That's really good advice as well. And I would love to see how some of these people, like if you were to follow them up in a longitudinal study to see if they still are having lucid dreams. I know funding is probably a big thing, but what do you think is, where is this going in the future? How can we get more funding for this type of research?

And, and why do you think people are so hesitant to just accept this despite all of this indisputable evidence that we have? 

Charlie: A good point. I mean, you've got this thing that's free, non invasive, non medical. Uh, non addictive, you do it in your sleep. It literally sounds too good to be true. So I think there's that also possibly the fact that it is non medical and non addictive, uh, I'll leave that there, but there could be some parties involved who have a vested interest in things being medical and addictive.

Um, I think it's new. Um, relatively, I mean, I've got a friend who's now a professor of psychology at, uh, Greenwich uni and he's my [00:12:00] age and I'm 41. Right. But I still feel young. I still feel like a young person. Shit. I'm like middle aged now, but I still feel young. And I'm like, I remember when he told me, I was like, what do you mean?

You can't be professor. You're like my age. And he was like, yeah, like a normal age for a professor, dude. And I realized that this is how change happens. To quote Alan Wallace, the brilliant Buddhist Lama, he said, science will change when old white men die. Oh, that was a big one. I was like, that's everything there, man.

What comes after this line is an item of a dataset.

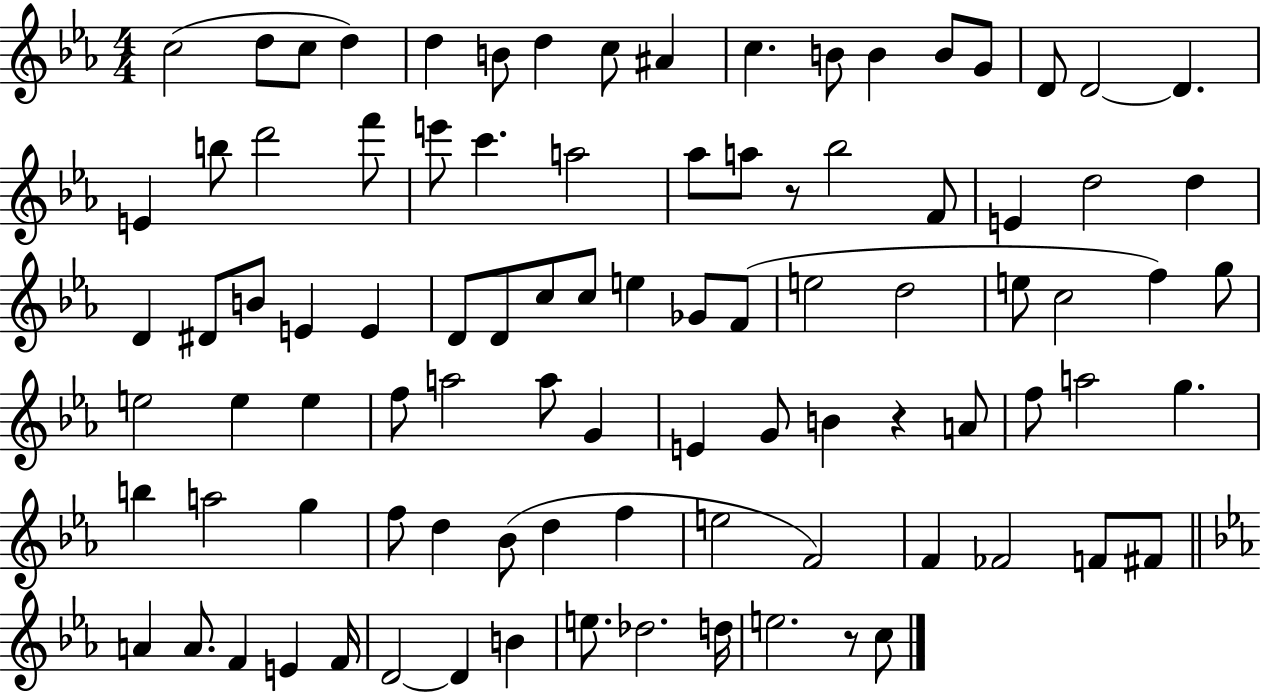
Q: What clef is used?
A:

So it's generational. I mean, how old are you? You're much younger than me. 

Amina: I'm 29. So yeah, I'm not, you know, 

Charlie: no, no, there's a big difference between nine and 41. Yeah. I'm sorry. I'm sorry. I'm sorry. My, I think my generation kind of elderly millennials are like starting to push it because they've grown up with the like psychedelic therapeutic revolution, they've grown up with lucid dreaming, being normal, stuff like that.

I think your generation will be the ones when you guys move into these big seats of, uh, seats of power, basically the professorships, the [00:13:00] research grant people, you know. Uh, when you guys step into middle age, I think that's when it'll happen. So I think it's a generational shift that's needed because your generation's growing up.

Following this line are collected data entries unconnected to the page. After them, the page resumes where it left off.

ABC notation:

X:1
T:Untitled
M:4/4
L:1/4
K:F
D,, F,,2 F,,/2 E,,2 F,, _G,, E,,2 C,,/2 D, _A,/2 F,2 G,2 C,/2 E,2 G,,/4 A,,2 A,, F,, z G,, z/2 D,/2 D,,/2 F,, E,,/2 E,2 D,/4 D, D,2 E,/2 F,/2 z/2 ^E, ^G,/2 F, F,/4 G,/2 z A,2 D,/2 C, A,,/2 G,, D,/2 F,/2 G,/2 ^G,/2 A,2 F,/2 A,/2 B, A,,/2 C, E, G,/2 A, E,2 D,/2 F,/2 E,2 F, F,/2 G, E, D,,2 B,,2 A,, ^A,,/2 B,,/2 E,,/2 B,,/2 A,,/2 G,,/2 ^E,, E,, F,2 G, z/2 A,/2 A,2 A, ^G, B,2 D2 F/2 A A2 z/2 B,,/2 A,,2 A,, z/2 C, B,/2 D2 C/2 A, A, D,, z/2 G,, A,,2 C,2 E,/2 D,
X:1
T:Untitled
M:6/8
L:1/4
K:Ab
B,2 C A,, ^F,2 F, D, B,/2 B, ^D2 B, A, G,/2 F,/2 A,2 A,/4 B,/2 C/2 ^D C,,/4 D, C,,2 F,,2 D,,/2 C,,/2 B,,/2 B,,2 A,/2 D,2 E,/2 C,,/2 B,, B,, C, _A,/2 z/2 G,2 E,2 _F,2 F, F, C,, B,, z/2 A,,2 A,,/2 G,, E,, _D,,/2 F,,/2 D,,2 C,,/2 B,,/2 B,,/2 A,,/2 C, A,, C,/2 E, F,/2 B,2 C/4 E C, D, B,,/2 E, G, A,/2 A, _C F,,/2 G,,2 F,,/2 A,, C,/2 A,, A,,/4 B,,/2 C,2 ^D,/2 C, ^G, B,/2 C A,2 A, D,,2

Like everyone knows what a lucid dream is. Of course, you know what a lucid dream is. Of course it's legit. Whereas my generation, most people do, but some people are skeptical. The Gen Xs, some people know, but many are skeptical. And then, I don't know, the generation above, like, it seems madness that you can do this to, to many.

Yeah, 

Amina: I love, I love the foundation work that you've helped laid, you know, and all the other pioneers that are, that are helping this paradigm shift because, you know what, you're right. I think science is changing and although we, we need science, but a true scientist takes data and sees how things are evolving and to understand consciousness, I think we have to step away from materialism a little bit.

So I think lucid dreaming is a stepping stone to all this other You know, research about consciousness that we're going to start to get into. So I'm really excited for that. 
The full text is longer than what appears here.